2024-01-26 13:01:47

by Zhang, Xiong Y

[permalink] [raw]
Subject: [RFC PATCH 03/41] perf: Set exclude_guest onto nmi_watchdog

From: Xiong Zhang <[email protected]>

The perf event for NMI watchdog is per cpu pinned system wide event,
if such event doesn't have exclude_guest flag, it will be put into
error state once guest with passthrough PMU starts, this breaks
NMI watchdog function totally.

This commit adds exclude_guest flag for this perf event, so this perf
event is stopped during VM running, but it will continue working after
VM exit. In this way the NMI watchdog can not detect hardlockups during
VM running, it still breaks NMI watchdog function a bit.

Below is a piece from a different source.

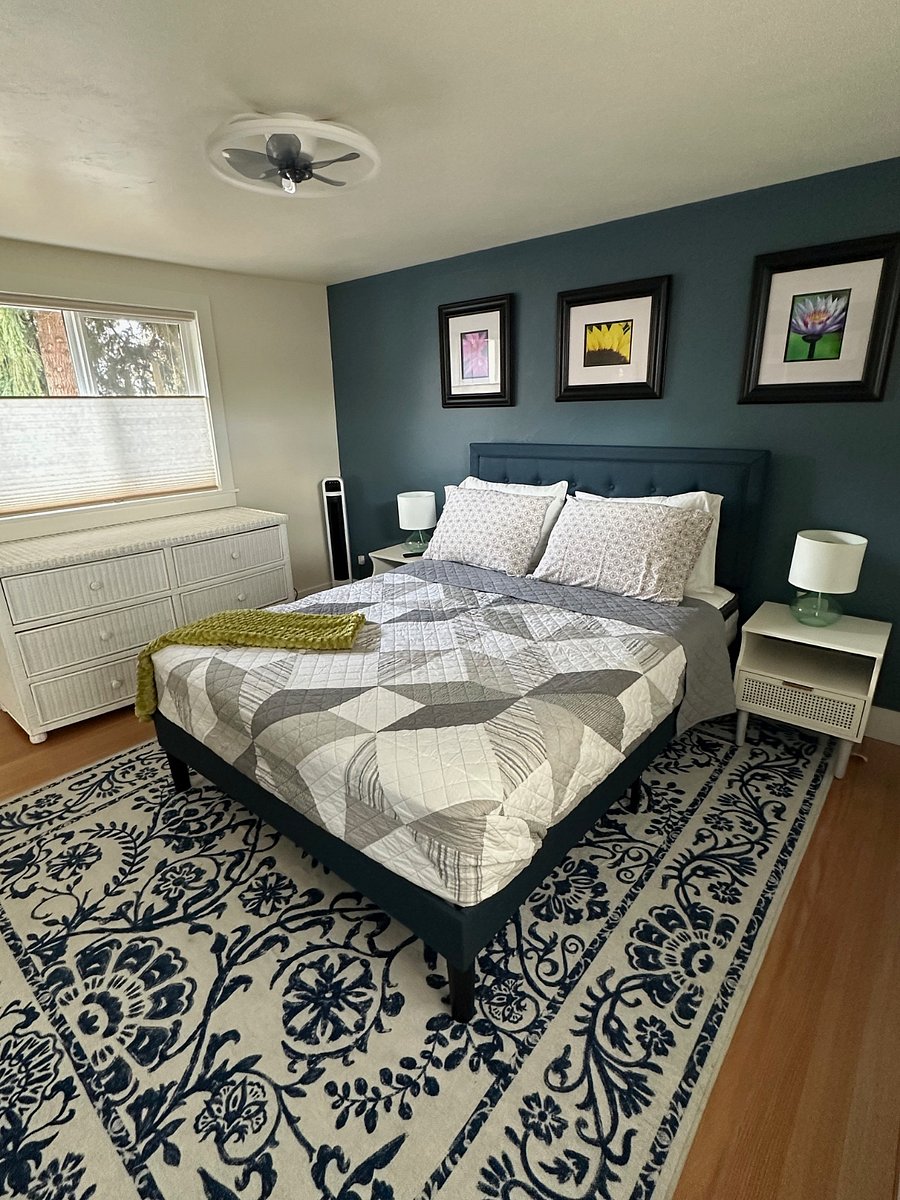 Queen bed, brand new.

But host perf
event must be stopped during VM with passthrough PMU running, current
no other reliable method can be used to replace perf event for NMI
watchdog.

Signed-off-by: Xiong Zhang <[email protected]>
Signed-off-by: Mingwei Zhang <[email protected]>
---
kernel/watchdog_perf.c | 1 +
1 file changed, 1 insertion(+)

diff --git a/kernel/watchdog_perf.c b/kernel/watchdog_perf.c
index 8ea00c4a24b2..c8ba656ff674 100644
--- a/kernel/watchdog_perf.c
+++ b/kernel/watchdog_perf.c
@@ -88,6 +88,7 @@ static struct perf_event_attr wd_hw_attr = {
.size = sizeof(struct perf_event_attr),
.pinned = 1,
.disabled = 1,
+ .exclude_guest = 1,
};

/* Callback function for perf event subsystem */
--
2.34.1



2024-04-11 18:57:10

by Sean Christopherson

[permalink] [raw]
Subject: Re: [RFC PATCH 03/41] perf: Set exclude_guest onto nmi_watchdog

On Fri, Jan 26, 2024, Xiong Zhang wrote:
> From: Xiong Zhang <[email protected]>
>
> The perf event for NMI watchdog is per cpu pinned system wide event,
> if such event doesn't have exclude_guest flag, it will be put into
> error state once guest with passthrough PMU starts, this breaks
> NMI watchdog function totally.
>
> This commit adds exclude_guest flag for this perf event, so this perf
> event is stopped during VM running, but it will continue working after
> VM exit. In this way the NMI watchdog can not detect hardlockups during
> VM running, it still breaks NMI watchdog function a bit. But host perf
> event must be stopped during VM with passthrough PMU running, current
> no other reliable method can be used to replace perf event for NMI
> watchdog.

As mentioned in the cover letter, I think this is backwards, and mediated PMU
support should be disallowed if kernel-priority things like the watchdog are in
use.

Doubly so because this patch affects _everything_, not just systems with VMs
that have a mediated PMU.

> Signed-off-by: Xiong Zhang <[email protected]>
> Signed-off-by: Mingwei Zhang <[email protected]>
> ---
> kernel/watchdog_perf.c | 1 +
> 1 file changed, 1 insertion(+)
>
> diff --git a/kernel/watchdog_perf.c b/kernel/watchdog_perf.c
> index 8ea00c4a24b2..c8ba656ff674 100644
> --- a/kernel/watchdog_perf.c
> +++ b/kernel/watchdog_perf.c
> @@ -88,6 +88,7 @@ static struct perf_event_attr wd_hw_attr = {
> .size = sizeof(struct perf_event_attr),
> .pinned = 1,
> .disabled = 1,
> + .exclude_guest = 1,
> };
>
> /* Callback function for perf event subsystem */
> --
> 2.34.1
>